*** Data extracts ***

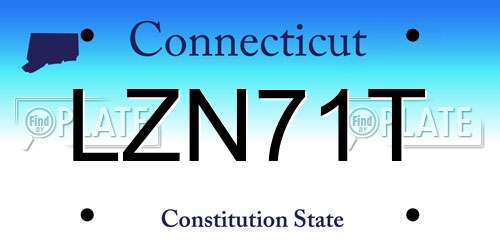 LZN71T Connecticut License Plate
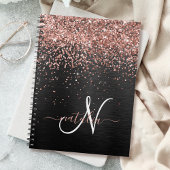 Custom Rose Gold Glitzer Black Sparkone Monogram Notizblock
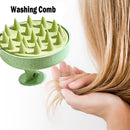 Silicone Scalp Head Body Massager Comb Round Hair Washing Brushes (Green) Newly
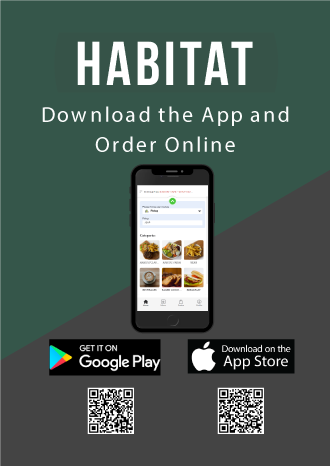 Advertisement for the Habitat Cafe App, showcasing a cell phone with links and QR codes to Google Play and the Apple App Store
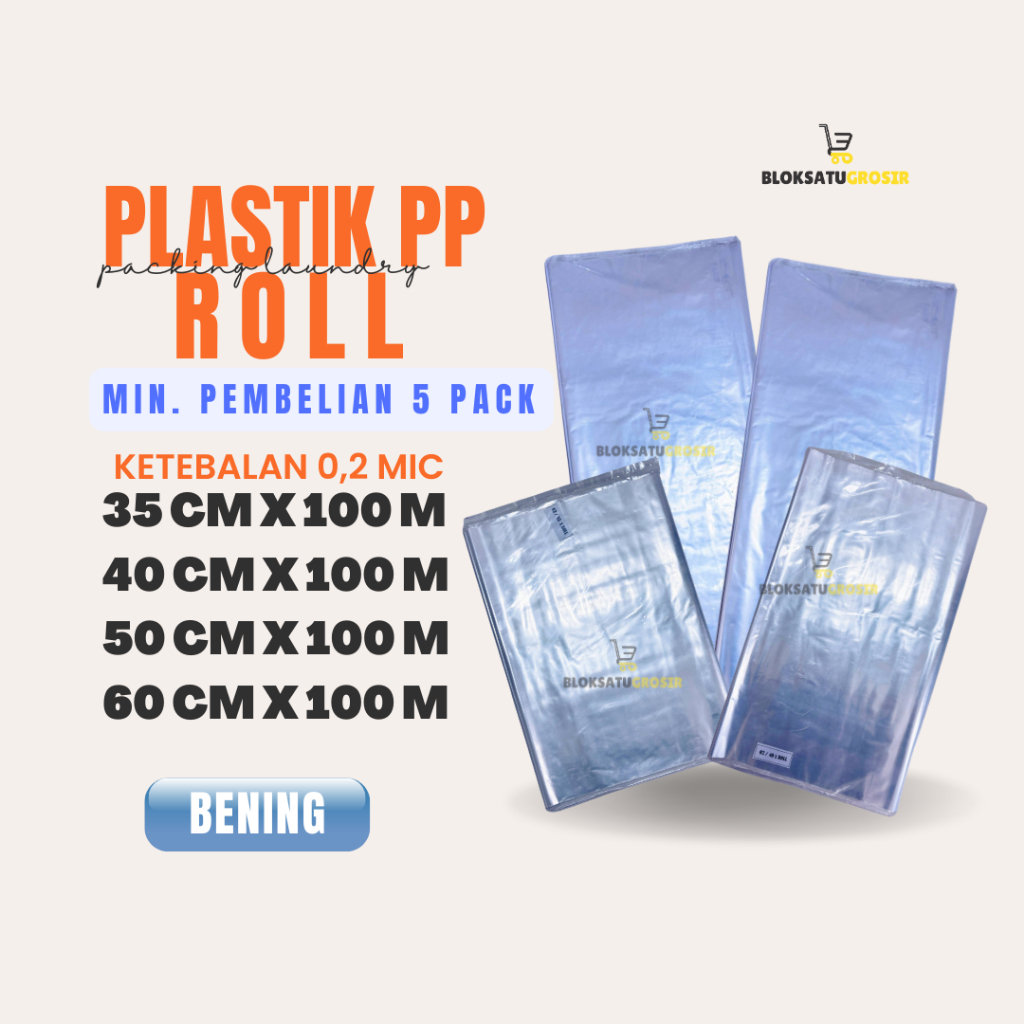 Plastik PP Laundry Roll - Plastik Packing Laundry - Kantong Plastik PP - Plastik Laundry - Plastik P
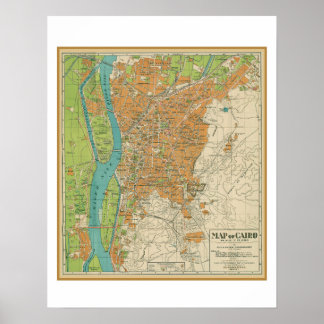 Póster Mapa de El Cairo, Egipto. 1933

*** End of Data extracts ***

> _What you have to do_
Leave out the pictures, and retype exactly the lines from the one containing "Plastik PP Laundry" through the last line of the data above, no more and no less.

> _Response to this exercise_
 Plastik PP Laundry Roll - Plastik Packing Laundry - Kantong Plastik PP - Plastik Laundry - Plastik P
 Póster Mapa de El Cairo, Egipto. 1933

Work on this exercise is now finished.